→ **What to produce**
Restate word for word the lines of the entries below, starting with the line that holds "GADGETS WRAP Canvas" and ending with the line that holds "2-pack 8-wire headlight", and no others.

→ **Material for the task**
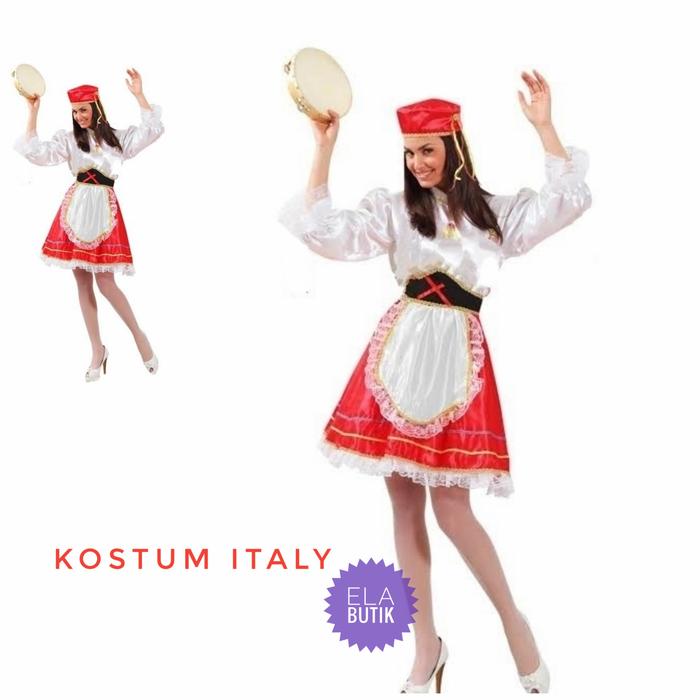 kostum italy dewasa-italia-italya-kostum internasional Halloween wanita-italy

==

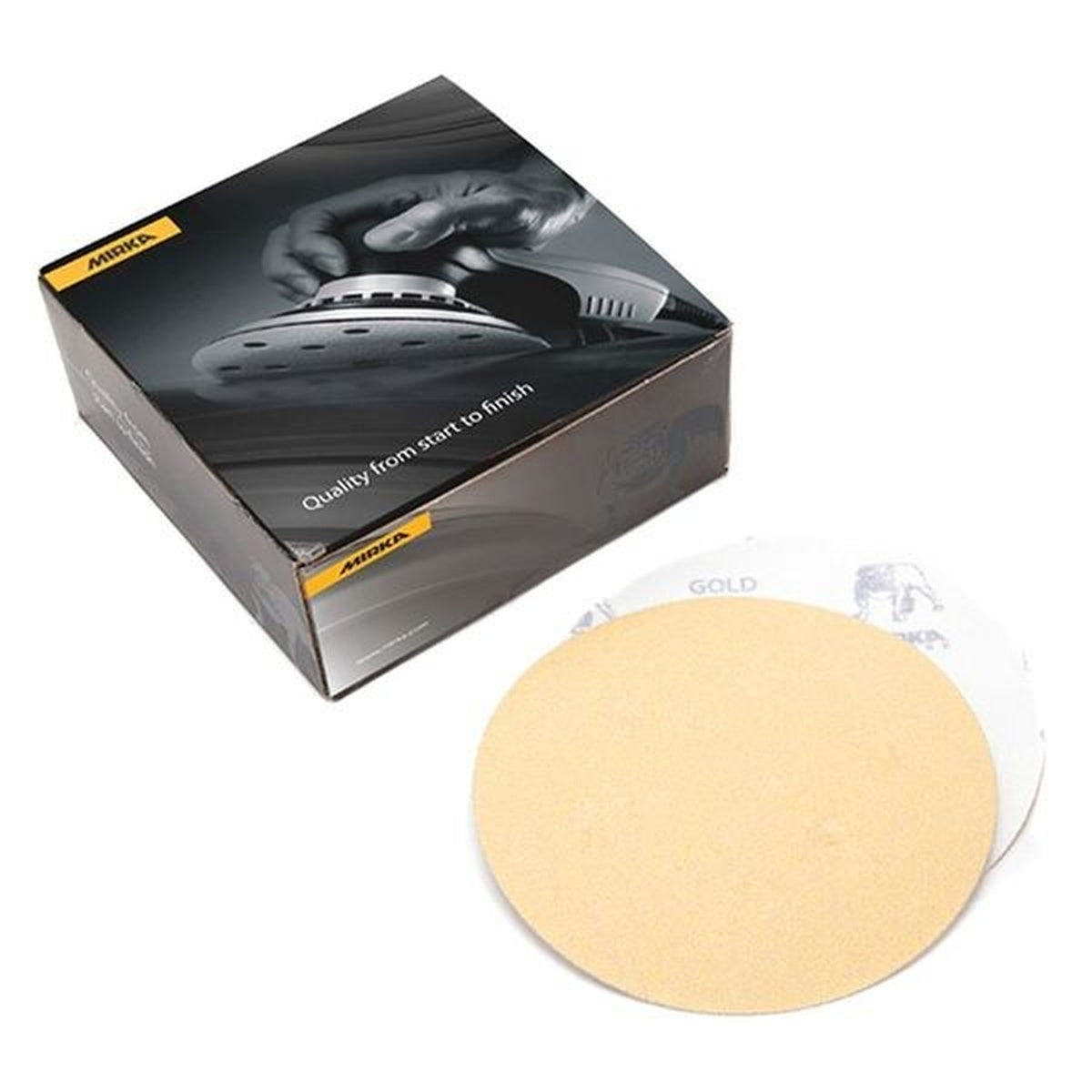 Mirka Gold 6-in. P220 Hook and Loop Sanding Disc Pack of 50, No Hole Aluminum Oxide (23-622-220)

---

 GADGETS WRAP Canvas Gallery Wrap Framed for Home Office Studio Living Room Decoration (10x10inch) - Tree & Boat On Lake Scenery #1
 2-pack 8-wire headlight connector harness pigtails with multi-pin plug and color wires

→ **Response below**
 GADGETS WRAP Canvas Gallery Wrap Framed for Home Office Studio Living Room Decoration (10x10inch) - Tree & Boat On Lake Scenery #1
 2-pack 8-wire headlight connector harness pigtails with multi-pin plug and color wires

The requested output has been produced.